Gülerken ağlamayı, nefes alırken ölmeyi öğrettin bana...
Ashraf Anoushiravan
-------------------------------------------------------------
Yakıcı güneş ışıkları daha kapalı olan göz kapaklarına bir mızrak gibi saplanırken genç kız homurdandı. Kendini yatakta çevirirken içinden geçirdi. Yİne ölmedim. Oysa ne çok istedim . Ayaklarını yataktan sarkıttı ve soğuk zemine ayaklarının değmesine izin verdi. Ayağına değen soğuk irkilmesine sebep olurken gülümsedi. Soğu severdi. Eskiden sıcağı severdi ama o gittiğinden beri sadece soğuk sever olmuştu. İşte sıkıcı yalan gülümsemelerle dolu bir gün daha başlıyordu .
Bir iki adımda devasa aynanın karşısına geçip aksine baktı . Yuvarlak suratını dahada iri gösteren koca kahverengi gözlerini uzun siyah kiprikleri çevrelemis öte yandan siyah dalgalı saçları omuzlarından dökülüyordu . Gece boyu kabusları benliğini kemiren birisi olarak o kadarda berbat gözükmüyordu. Kalbinde hissetiği tanıdık acı ile suratı buruştu. O tam iki yıl önce yaşamayı tozlu raflara kaldırmıştı . Kötü gözükmesi normalde umrunda olmazdı lakin o normal degildi . O koskoca İranin en büyük ailesinin velihattı. O yükler altında ezilen ve her zerresiyle acı çeken bir genç kızdı .
Onun bir gününü yüz bin zarara yazmışlardı. Bahtını ervah-ı ezelde kedere bulamışlardı. Kah acı kusarken kah kahkahalıyla boğulup can verirken her nefesinde, gökler onu keyifle izliyordu.
Eli usulca aynaya gitti. Bu ayna misali iki parçaydı içinde kadın. Yansıması vardı kendi içinde. İki ayrı kişilik, iki ayrı keder, iki ayrı benlik.. Lakin ikisi de darbelerle dolu dengesizdi.
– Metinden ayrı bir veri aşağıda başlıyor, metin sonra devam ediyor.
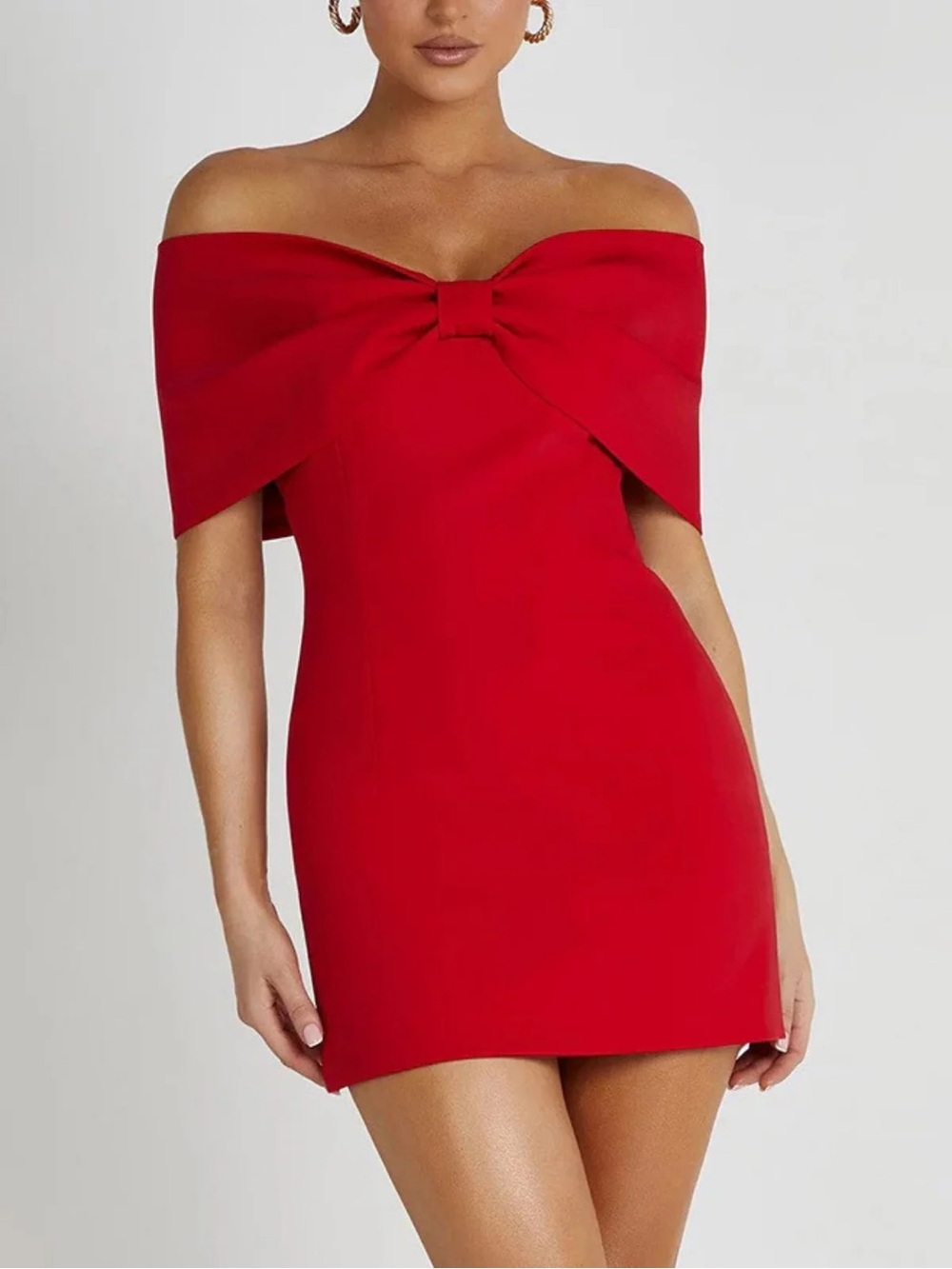 Angel Biba Red Off-Shoulder Mini Dress with Front Bow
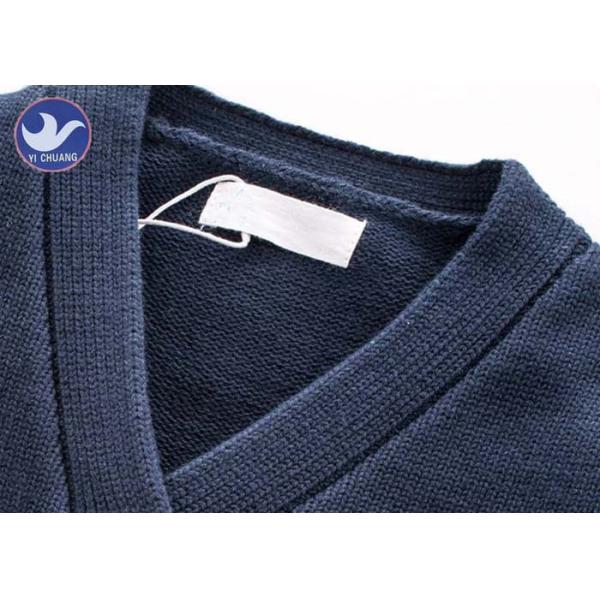 Children Stripes V Neck Boys Cardigan Sweater Long Sleeves Navy Color OEM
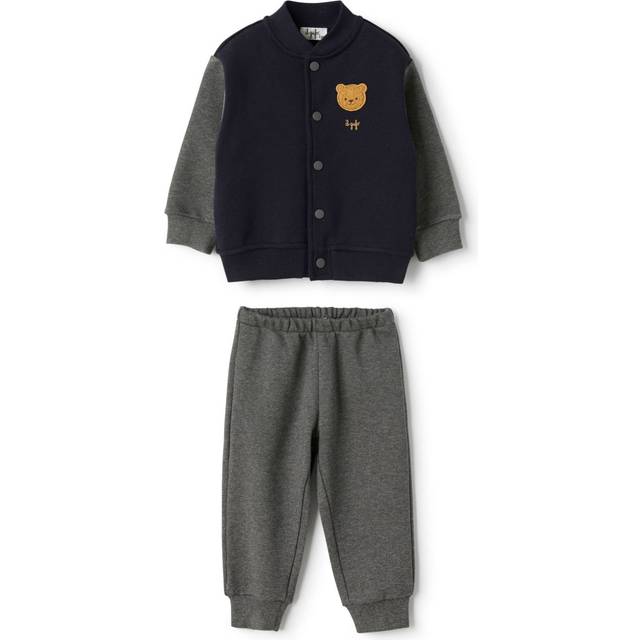 Il Gufo - teddy bear motif tracksuit - kids - Cotton - 6 - Black
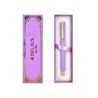 Boligrafo belius macaron bliss forma hexagonal color morado y dorado tinta azul caja de diseño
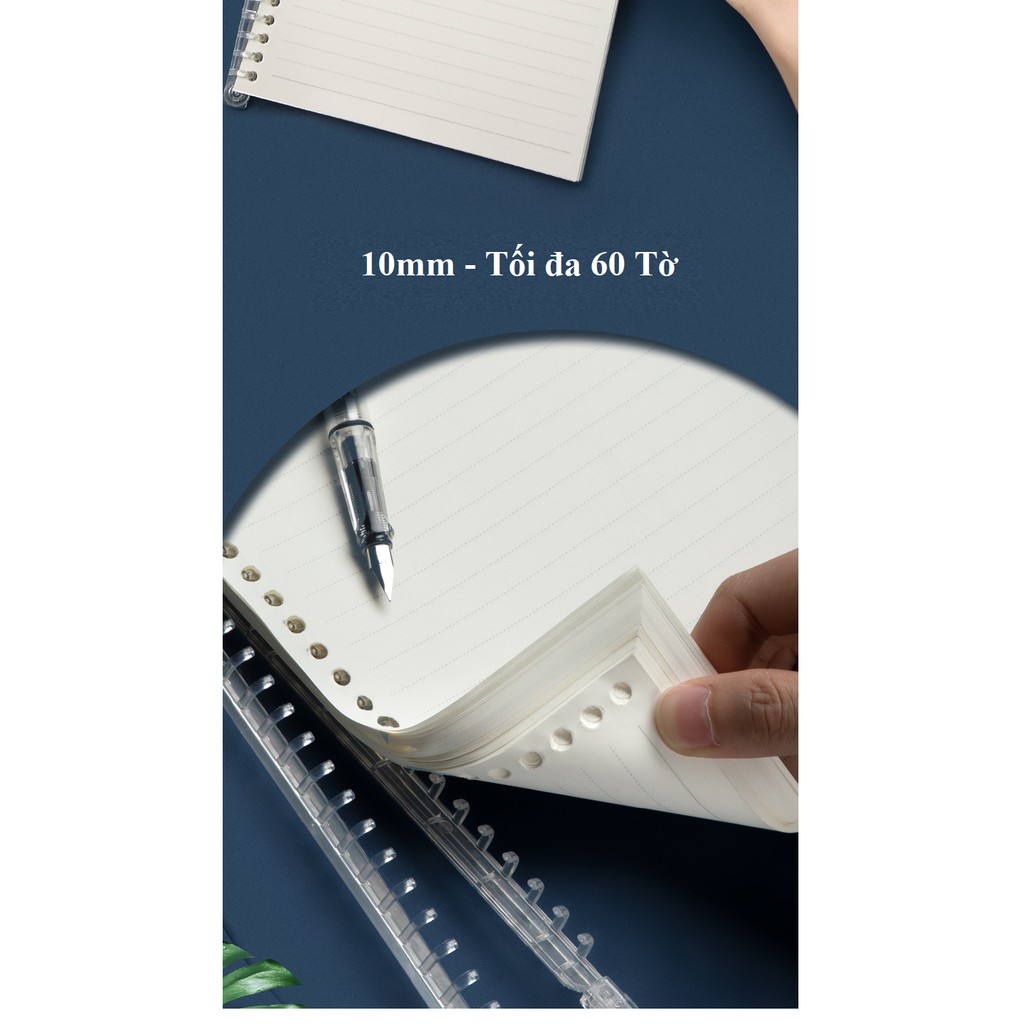 Thanh Binder Nhựa Trong Suốt A5 20 Lỗ - B5 26 Lỗ Làm Planner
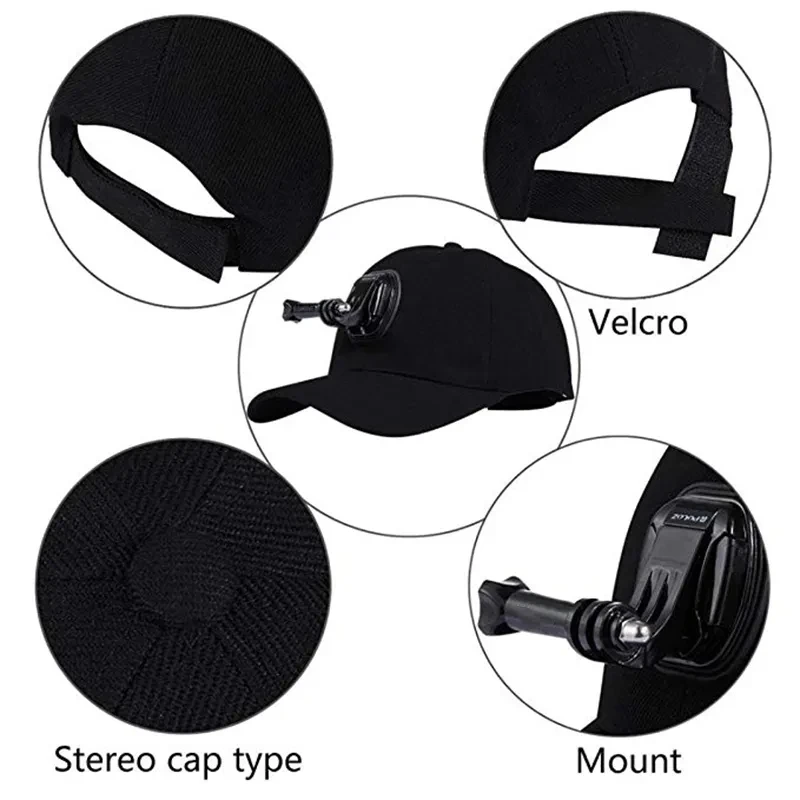 3 in1 Baseball Hat For Insta360 Ace DJI Action 4 Adjustable Sun Cap Hat With J-Hook Buckle Mount For GoPro 12 9 Camera Accessory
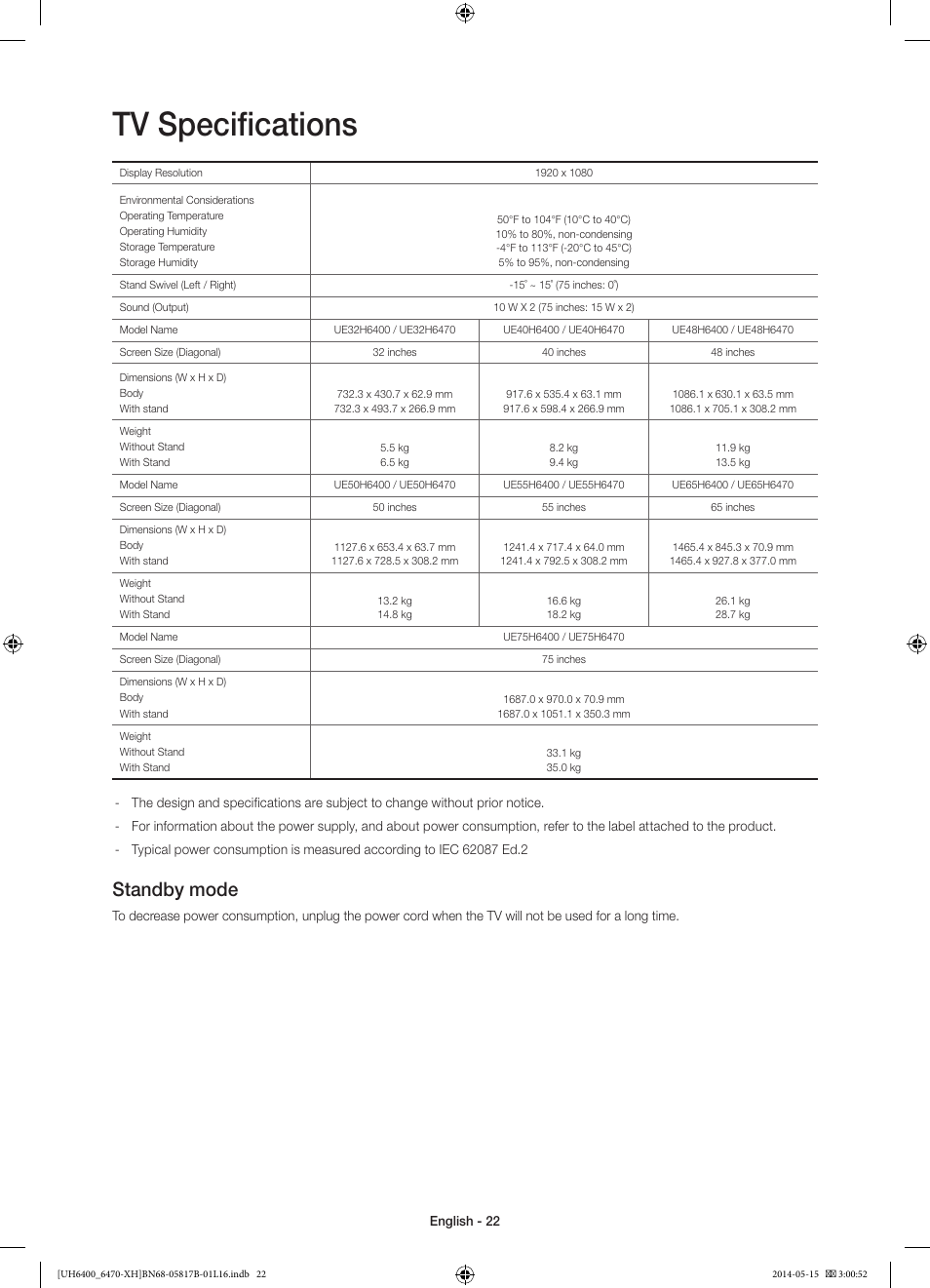 10 specifications and other information, Tv specifications, Standby mode | Samsung UE48H6400AW User Manual | Page 22 / 353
Bölünen kişiliği sadece ruhuna kazınan acılardan değil, onun gencecik yaşında ki millatlık acılarından dolayıydı. Kadın artık kim olduğunu bilemiyordu...
Aniden odasının kapısı büyük bir gürültü ile açılınca hırsla bağırdı.
'Bu ne cüret?!'
Ani bu çıkışı içeriye giren kişiyi görünce son buldu. İçeriye giren kişi amca oğlu olan abisiydi. 'Hemen celallenme, benim. Sadece diğerleriyle birlikte silah talimine gidicektik sende gelmek istermisin diye sorucaktım.'
' kapıyı çalabilme nezaketinde bulunabilrdin Uraz abi! Ama bir on dakika bekleyin bende gelicem.'
Uraz küçük kuzeninin bu haline güldü . Sürekli olarak değişen ruh hali dedelerine benziyordu. Anladığı kadarıyla minik kuzeni için hayli kabuslu bir gece daha geçmişti . O her ne kadar iyiyim dese de Uraz biliyordu asla iyi olmadığını lakin oynunuda bozmuyordu. O her yalancı bir gülüş gönderdiğinde diğerlerinin aksine inanmasada rol yapıyordu. Şimdide rol yapma zamanıydı .
'Tipin uyku uyumamış fok balıklarına benziyor'
Sen nerden biliyorsun fokun uyumamış halini diye sormak istedi ama gereksiz polemiğe girmek istemediği aşikardı Ashraf için.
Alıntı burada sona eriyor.